Jubiläumskonzert des MGV Weiler auf hohem Niveau
[Allgemeine Zeitung Bingen, 23.03.71]
Weiler. Nicht unbeabsichtigt hat Willibald Stipp, der für die Gesamtleitung des Jubiläumskonzertes des MGV Weiler verantwortlich zeichnet, gemeinsam mit Musikmeister a. D. Gustav Adolf Weissenborn, Bad Kreuznach, beim Arrangement der musikalischen Veranstaltung seinen Blick auf jene Zeit der musikalischen Schöpfung gerichtet, die ein Phänomen der neuen Musikgeschichte darstellt, ...
... nämlich die konstante Beliebtheit jener Melodien der Opern und Operetten aus der Zeit eines Meyerbeer, Lortzing, eines Offenbach, Franz von Suppé und Strauss.
Eingeschlossen die Werke Verdis, die diejenigen Richard Wagners ergänzen.
Mit dem Spürsinn des Musikers führte Stipp seinen Männerchor mit der Instrumentalmusik Weissenborns zu klassischem Ausdruck. Ein voll besetztes Haus im festlichen Kleid erlebte in Konzertatmosphäre, die Jakob Eiger dem Raum verlieh, der Gast dieser Veranstaltung.
Angenehm empfunden, das den Charakter eines Konzerts dieser Veranstaltung betonte, war das Ausbleiben jeglicher Einführungs- und Begrüßungsworte. Mit Klängen von Meyerbeer, Krönungsmarsch aus seiner Oper „Der Prophet“, versetzte Weissenborn seine Zuhörer unmittelbar in das Reich der „Großen Oper“, die ihn als ihren Beherrscher kennt. Wuchtig, theatralische Hyperromantik kennzeichnend und doch liebenswürdig zugleich, schwingen im Raum die Töne, getragen von einem überzeugenden Orchester mit eigener Interpretation des Dirigenten.

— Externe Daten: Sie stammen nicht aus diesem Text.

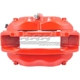 Purchase Top-Quality Front Right Rebuilt Caliper With Hardware by BBB INDUSTRIES - 97R17724A pa10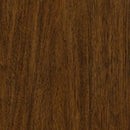 Taffenbrook Nightstand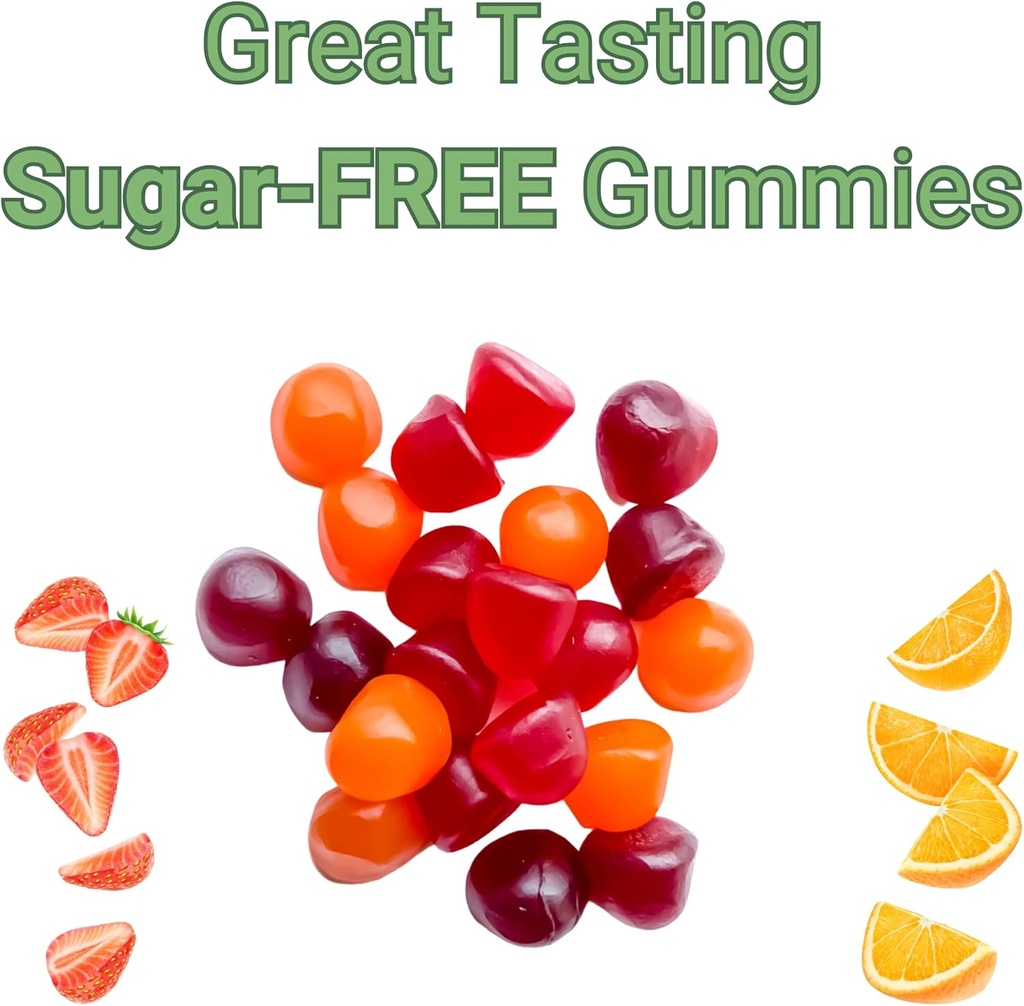 yuve-vegan-probiotic-gummies-probiotics--3.jpg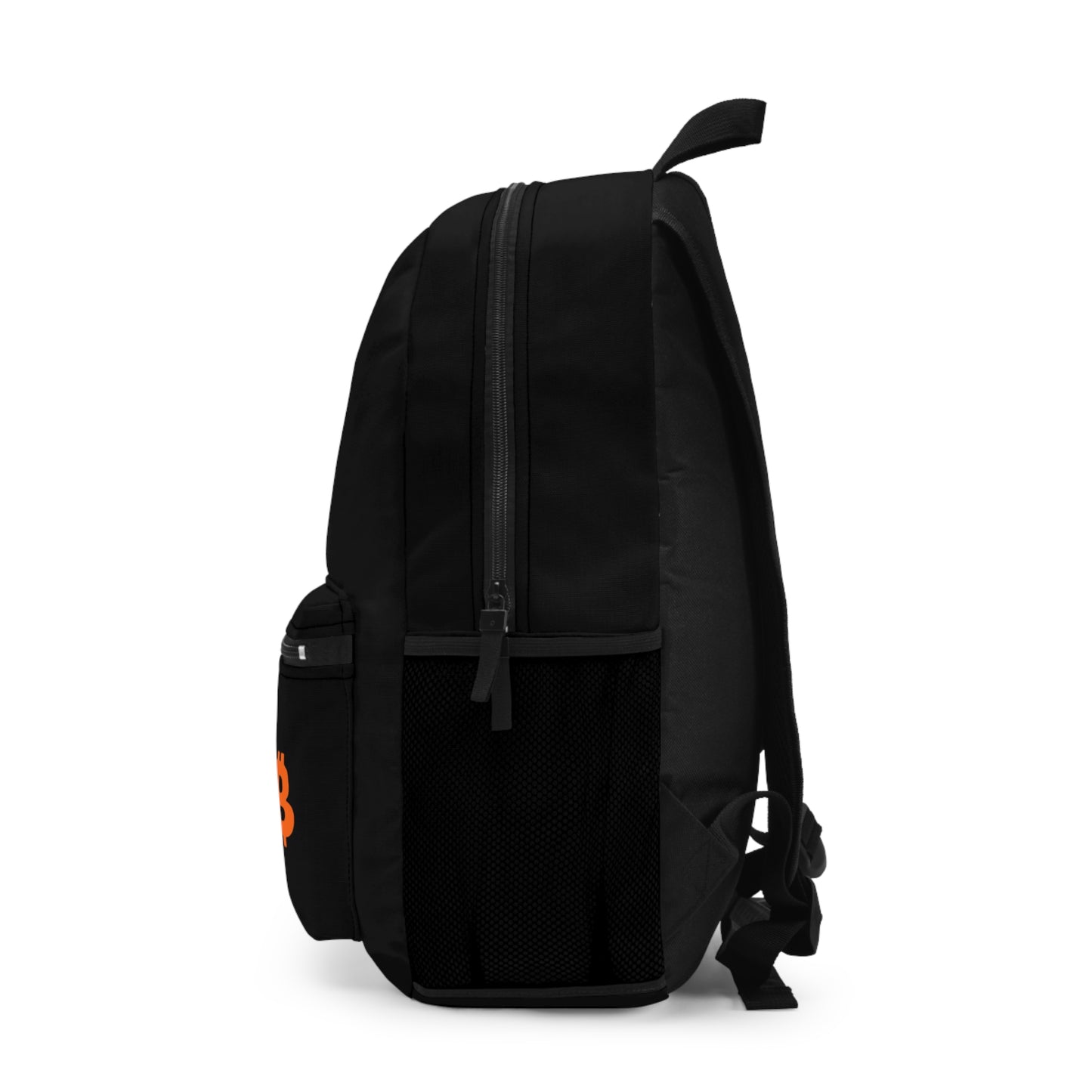 Bitcoin Devs Backpack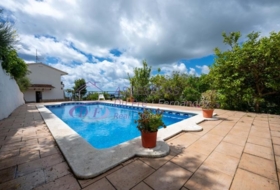 Santa Susanna 754&nbsp;m²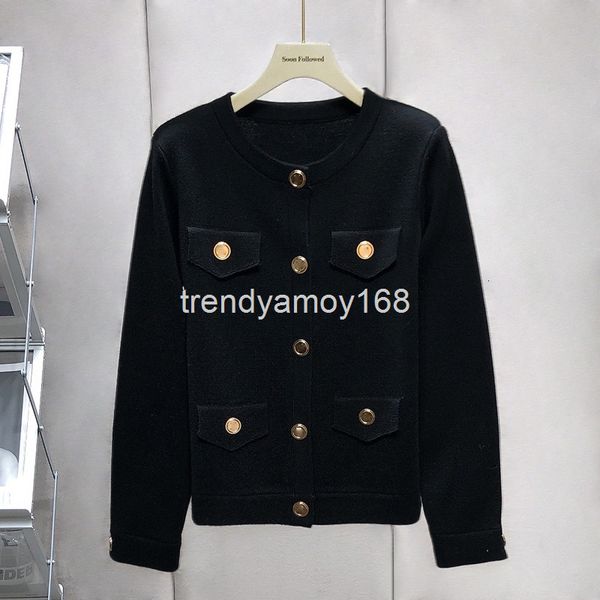 women's knits & tees wool cardigan sweater women's light luxury 21 autumn and winter celebrity temperament four pocket design long, White
women's knits & tees wool cardigan sweater women's light luxury 21 autumn and winter celebrity temperament four pocket design long, White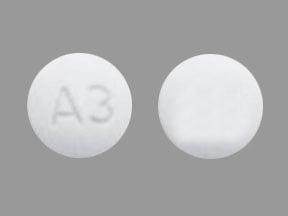 Dexmethylphenidate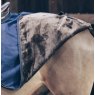 Kentucky Kentucky All Weather Horse Riding Rug - 160g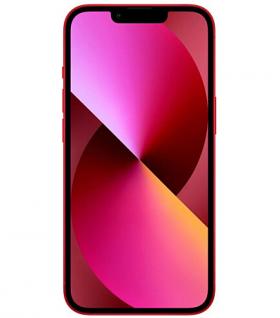 Смартфон Apple iPhone 13 Mini  512GB Red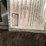#10150-•-dremel-advantage-high-speed-rotary-saw-image-5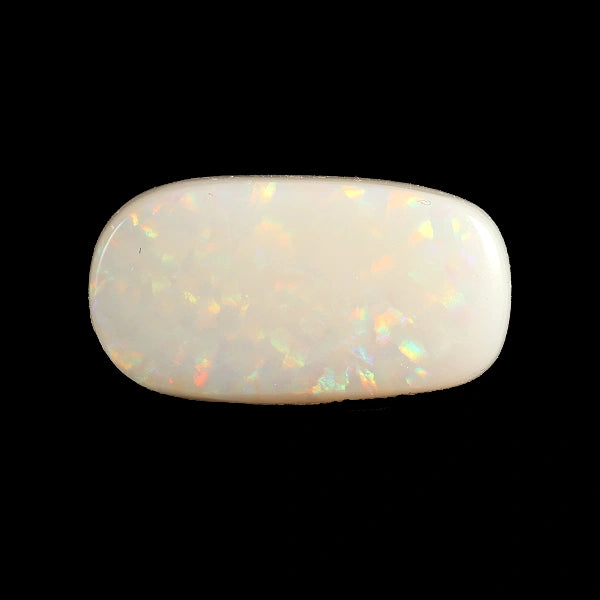 Opal - 5.30 carats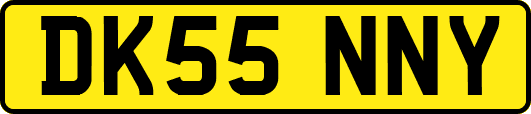 DK55NNY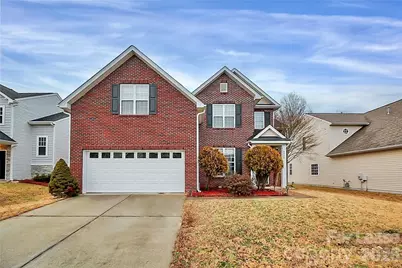10938 Sedgemoor Lane, Charlotte, NC 28277 - Photo 2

Und in musikalischer Ergänzung dieser Epoche traf man später ähnlich romantische Klänge, eingehüllt in freundliche Phantasie, die in Offenbachs “Hoffmanns Erzählungen“ in gesanglicher Kontroverse vom Chor der Männer mit dominierenden Solisten, unterstützt von den Instrumenten, bedeutsame Prägung erfuhren.
„Undine“, mit ihrer Ballettmusik von Lortzing, und des Chores aus der heute noch die Bühne beherrschenden großen Oper „Der Waffenschmied“, mit dem temperamentvollen und ausdrucksreichen Zigeunerchor aus dem „Troubadour“ Verdis, die die Stimmen des Weilerer Männerchores prächtig trugen.
Eingefügt die Klänge des Verdi-Erben Pietro Mascagni, die, als besonders beliebter Ausschnitt des Intermezzo sinfonico aus der Oper „Cavalleria rusticana“, die pointierte Zeitepoche repräsentierten.
Als nuancierten Kontrapunkt die tastenden, träumenden Stimmen aus Schuberts „Nachtgesang im Walde“, die vom Chor wie ein Hauch die charakterisierende Melancholie des Tondichters verkörperten, gefolgt von der betonten Ausdrucksstärke des Pilgerchors aus Wagners „Tannhäuser“.
Als farbenreiche und duftige Abwechslung erklangen die lyrischen Variationen „An den Frühling“ des Skandinaviers Edvard Hagerup Grieg und der vor Lebendigkeit sprühenden „Tritsch-Tratsch-Polka“ von Strauß.
Mit dem effektvollen Can-Can aus „Orpheus in der Unterwelt“ von Offenbach, von brausendem Beifall begleitet, dem sich der Männergesangverein „Liederkranz“ mit der sie begleitenden Unterhaltungskapelle einer Wiederholung nicht verschließen konnte, ging das Konzert ins Finale.
Ein erfolgreicher Abend eines Gesangvereins, dessen Sänger sich unbesorgt der Leitung ihres Dirigenten anvertrauen können, der mit sicherem Visier in die Zukunft steuert. Doch nichts, ohne der erkennbar gewordenen Arbeit.